J. : Babybox était d'abord un projet de film. Le scénario était écrit mais ce n'est pas toujours facile de trouver des financements pour faire un long métrage. Peut-être que le film se fera un jour... ou pas. Quand j'ai parlé de ce projet à Clotilde, je lui ai évoqué l'idée d'en faire une bande dessinée. Ce sont deux media différents et, au départ, je suis un auteur et un amoureux de bande dessinée. Je ne fais pas du cinéma par frustration. Je fais de la bande dessinée car c'est pour moi un medium qui a toute sa légitimité et n'a rien à envier au cinéma. Ce sont simplement deux façons très différentes de raconter une histoire. La bande dessinée permet de revenir en arrière, de s'arrêter sur une image, d'utiliser des ellipses... Dans un film, je suis complètement dépendant du montage, de la musique, de là où le réalisateur veut m'emmener.
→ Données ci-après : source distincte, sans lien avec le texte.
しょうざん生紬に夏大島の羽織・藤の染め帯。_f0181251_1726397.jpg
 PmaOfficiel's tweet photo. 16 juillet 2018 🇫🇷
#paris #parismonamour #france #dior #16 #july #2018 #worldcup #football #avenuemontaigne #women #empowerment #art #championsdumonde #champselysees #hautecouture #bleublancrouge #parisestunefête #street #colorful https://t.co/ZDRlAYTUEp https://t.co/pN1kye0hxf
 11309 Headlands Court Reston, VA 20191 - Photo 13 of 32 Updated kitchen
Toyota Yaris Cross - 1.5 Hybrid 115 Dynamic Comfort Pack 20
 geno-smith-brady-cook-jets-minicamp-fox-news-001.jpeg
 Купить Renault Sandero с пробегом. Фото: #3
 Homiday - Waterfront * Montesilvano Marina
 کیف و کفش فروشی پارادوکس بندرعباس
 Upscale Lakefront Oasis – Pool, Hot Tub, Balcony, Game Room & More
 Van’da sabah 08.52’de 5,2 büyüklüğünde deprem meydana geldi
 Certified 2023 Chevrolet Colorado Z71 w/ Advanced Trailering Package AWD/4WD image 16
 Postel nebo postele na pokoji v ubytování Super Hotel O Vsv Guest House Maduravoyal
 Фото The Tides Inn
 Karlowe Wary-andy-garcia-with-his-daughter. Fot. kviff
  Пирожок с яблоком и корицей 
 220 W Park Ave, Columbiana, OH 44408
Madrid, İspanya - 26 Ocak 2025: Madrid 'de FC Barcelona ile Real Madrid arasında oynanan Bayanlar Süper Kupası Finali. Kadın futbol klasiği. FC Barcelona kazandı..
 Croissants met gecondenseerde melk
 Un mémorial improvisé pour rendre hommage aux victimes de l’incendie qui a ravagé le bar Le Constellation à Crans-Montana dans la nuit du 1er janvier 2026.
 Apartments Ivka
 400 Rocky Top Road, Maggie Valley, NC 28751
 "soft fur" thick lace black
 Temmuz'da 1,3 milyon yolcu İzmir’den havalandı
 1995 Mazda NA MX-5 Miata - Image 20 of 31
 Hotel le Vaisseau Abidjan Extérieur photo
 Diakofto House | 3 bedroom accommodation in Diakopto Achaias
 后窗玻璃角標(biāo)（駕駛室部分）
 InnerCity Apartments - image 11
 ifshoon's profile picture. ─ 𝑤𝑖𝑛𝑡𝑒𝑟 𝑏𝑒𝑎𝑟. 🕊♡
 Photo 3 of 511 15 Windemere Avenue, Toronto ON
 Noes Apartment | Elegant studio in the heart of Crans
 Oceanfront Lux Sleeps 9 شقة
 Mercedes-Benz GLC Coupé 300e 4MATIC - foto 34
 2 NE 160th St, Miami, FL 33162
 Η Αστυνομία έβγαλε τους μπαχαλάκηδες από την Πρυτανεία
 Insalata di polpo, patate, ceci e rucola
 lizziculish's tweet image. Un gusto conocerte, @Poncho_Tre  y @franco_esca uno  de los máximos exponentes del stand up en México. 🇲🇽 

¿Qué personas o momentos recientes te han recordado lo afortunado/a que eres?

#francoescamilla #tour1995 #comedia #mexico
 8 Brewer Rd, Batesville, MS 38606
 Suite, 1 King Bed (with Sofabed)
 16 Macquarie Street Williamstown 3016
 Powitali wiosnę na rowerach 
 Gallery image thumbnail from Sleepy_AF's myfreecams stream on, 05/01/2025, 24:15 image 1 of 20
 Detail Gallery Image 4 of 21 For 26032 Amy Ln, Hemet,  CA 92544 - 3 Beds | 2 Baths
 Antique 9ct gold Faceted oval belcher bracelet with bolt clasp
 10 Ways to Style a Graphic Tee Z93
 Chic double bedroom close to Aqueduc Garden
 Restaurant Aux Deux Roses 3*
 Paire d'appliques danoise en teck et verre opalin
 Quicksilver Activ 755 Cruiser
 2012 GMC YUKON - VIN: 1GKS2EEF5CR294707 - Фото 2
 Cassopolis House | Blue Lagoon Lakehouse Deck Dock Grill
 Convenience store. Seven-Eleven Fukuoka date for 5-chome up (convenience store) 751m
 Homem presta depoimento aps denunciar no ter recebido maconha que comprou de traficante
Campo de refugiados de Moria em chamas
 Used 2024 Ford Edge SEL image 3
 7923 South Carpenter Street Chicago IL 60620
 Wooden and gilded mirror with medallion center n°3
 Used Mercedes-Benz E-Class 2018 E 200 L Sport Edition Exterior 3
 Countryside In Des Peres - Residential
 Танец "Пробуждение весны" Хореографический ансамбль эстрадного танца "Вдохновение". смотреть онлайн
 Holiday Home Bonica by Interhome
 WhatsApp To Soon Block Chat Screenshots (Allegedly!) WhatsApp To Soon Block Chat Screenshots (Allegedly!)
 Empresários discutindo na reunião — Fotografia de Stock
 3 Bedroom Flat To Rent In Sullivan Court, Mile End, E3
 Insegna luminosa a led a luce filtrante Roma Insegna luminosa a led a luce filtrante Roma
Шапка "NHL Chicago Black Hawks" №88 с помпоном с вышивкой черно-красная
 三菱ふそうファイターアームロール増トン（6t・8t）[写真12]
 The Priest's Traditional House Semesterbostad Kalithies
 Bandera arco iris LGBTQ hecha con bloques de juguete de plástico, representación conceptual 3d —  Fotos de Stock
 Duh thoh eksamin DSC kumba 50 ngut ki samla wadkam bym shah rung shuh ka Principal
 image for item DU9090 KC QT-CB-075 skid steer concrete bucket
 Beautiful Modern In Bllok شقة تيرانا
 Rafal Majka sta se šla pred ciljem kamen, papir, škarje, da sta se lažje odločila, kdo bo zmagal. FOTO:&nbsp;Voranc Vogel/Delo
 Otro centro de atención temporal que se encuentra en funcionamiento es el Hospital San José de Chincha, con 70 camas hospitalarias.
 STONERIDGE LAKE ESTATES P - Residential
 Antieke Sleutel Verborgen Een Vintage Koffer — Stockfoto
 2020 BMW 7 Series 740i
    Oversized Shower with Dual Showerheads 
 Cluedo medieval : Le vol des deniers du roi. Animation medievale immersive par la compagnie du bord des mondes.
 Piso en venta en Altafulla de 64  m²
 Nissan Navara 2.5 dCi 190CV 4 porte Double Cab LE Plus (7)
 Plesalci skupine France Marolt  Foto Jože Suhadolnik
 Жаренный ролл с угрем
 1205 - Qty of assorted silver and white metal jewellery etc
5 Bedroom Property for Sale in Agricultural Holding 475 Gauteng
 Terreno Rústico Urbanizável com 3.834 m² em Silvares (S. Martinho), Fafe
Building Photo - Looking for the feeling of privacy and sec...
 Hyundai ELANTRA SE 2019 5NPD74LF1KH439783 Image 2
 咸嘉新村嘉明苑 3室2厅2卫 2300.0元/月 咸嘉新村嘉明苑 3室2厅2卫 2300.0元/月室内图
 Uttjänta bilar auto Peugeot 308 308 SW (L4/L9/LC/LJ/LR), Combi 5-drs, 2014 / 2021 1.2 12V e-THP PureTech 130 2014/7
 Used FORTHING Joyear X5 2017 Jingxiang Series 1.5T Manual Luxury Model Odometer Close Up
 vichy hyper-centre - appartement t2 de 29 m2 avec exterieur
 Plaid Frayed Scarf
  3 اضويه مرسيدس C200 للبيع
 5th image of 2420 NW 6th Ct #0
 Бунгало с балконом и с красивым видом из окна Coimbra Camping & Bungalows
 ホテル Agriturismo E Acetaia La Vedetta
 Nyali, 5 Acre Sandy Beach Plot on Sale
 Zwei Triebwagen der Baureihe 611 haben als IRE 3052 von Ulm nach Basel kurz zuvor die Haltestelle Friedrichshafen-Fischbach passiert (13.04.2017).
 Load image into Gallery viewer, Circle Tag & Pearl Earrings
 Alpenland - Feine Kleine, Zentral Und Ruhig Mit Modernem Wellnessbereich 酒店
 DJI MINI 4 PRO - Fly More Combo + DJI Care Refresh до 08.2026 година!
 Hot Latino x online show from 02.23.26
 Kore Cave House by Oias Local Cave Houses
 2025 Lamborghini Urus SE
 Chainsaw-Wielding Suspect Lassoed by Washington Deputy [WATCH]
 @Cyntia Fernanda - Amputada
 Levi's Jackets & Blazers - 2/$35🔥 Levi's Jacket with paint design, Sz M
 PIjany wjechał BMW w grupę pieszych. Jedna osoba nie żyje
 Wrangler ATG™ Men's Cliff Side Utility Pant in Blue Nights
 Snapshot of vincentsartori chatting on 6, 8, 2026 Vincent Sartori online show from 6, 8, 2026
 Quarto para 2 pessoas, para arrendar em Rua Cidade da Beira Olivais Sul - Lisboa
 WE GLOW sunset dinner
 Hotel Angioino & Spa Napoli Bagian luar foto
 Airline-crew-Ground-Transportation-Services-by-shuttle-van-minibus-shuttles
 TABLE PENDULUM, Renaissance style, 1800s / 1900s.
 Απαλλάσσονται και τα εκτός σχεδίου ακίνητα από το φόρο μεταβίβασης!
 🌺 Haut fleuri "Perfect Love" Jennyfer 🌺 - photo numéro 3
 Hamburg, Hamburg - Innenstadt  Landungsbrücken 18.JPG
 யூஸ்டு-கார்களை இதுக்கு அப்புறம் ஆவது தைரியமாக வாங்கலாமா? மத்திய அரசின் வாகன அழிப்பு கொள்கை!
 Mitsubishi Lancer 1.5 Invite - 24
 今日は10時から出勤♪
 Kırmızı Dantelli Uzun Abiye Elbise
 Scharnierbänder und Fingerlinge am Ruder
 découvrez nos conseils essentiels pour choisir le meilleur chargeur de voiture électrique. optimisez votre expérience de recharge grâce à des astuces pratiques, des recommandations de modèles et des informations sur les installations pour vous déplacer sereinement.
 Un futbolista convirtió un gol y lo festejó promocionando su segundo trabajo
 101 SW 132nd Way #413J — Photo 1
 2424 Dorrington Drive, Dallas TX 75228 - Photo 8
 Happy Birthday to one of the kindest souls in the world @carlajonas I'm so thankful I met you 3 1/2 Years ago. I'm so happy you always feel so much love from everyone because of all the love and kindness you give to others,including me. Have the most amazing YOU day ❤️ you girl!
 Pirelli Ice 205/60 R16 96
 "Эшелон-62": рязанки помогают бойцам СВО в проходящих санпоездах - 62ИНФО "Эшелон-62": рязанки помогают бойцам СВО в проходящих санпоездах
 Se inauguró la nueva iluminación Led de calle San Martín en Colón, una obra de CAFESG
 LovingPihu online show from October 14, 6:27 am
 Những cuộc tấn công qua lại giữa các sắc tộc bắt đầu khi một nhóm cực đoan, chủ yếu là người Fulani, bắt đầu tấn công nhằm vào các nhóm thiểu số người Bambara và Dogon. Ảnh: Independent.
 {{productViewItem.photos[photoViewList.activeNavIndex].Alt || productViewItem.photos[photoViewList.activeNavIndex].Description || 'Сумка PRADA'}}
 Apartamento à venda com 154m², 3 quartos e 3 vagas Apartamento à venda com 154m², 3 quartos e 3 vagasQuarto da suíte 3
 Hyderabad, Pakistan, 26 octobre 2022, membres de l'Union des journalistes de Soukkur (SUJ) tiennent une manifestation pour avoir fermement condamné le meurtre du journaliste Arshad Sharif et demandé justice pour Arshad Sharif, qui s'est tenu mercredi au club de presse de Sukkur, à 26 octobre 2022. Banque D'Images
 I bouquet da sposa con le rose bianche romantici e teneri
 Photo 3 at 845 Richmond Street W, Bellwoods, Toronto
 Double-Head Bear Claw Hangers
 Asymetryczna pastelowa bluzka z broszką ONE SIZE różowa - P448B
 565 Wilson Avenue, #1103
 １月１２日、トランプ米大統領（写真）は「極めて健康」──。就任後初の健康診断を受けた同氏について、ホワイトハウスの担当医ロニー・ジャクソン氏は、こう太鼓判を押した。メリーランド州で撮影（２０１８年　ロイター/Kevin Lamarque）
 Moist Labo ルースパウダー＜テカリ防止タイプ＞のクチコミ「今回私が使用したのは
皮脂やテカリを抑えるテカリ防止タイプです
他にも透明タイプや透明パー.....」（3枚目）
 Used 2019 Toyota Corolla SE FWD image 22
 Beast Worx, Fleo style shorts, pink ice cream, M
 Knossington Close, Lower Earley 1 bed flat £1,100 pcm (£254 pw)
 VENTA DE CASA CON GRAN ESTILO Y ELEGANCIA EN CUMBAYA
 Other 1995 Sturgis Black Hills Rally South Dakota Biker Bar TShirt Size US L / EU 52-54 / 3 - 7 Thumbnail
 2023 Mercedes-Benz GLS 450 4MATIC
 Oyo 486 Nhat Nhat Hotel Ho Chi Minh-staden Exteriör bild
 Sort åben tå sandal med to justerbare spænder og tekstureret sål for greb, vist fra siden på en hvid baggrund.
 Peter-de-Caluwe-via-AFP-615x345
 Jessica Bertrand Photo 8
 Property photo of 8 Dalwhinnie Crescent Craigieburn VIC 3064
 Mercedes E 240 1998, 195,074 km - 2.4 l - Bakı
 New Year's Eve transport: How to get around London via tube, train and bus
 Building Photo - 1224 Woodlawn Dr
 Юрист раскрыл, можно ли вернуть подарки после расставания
Quel est votre regard sur le rapprochement récent entre les deux Corée ?
J. : Ça me touche énormément. Ce qui se passe entre les deux Corée est hallucinant. C'est un peu la même chose que lorsque les deux Allemagne se sont réunies. Il y a encore quelques temps, Jim-Jong Un envoyait ses missiles. Les soldats basés au niveau du 38ème parallèle sont en train de déminer la zone. Je suis ces événements de très près.
Avant de vous mettre au travail, avez-vous un rituel ?
J. : Il me faut déjà mon café. (sourire) Je travaille plutôt en journée. Quand je travaille le soir, c'est que je suis à la bourre. Je me réveille tôt, vers 6h30-7h00. Quand je travaille sur une bande dessinée, je travaille par périodes. Je peux faire un album en quatre mois. Je n'aime pas le côté laborieux. Avant, quand je travaillais sur des séries comme Kwaïdan, en couleurs directes, j'étais toujours très angoissé avant de commencer une planche car c'était du beau papier sur du grand format. C'est angoissant de commencer un dessin sur une belle feuille... Je travaille désormais sur des feuilles beaucoup plus classiques et ça me permet de ne plus avoir cette angoisse. Je me mets aussi de la musique car j'ai besoin de m'immerger pour me mettre dans une certaine ambiance. Pour chaque album, il y a une bande originale. C'est peut-être quelque chose qui me vient de Cosey, notamment sur Jonathan. J'ai toujours le souvenir de ces albums où étaient indiquées sur la C4 des musiques à écouter. Je le faisais et c'est comme ça que j'ai découvert Mike Oldfield, Brian Eno, Kate Bush... J'écoute encore du Mike Oldfield, on est de suite immergés dans une ambiance, surtout quand j'écris un scénario.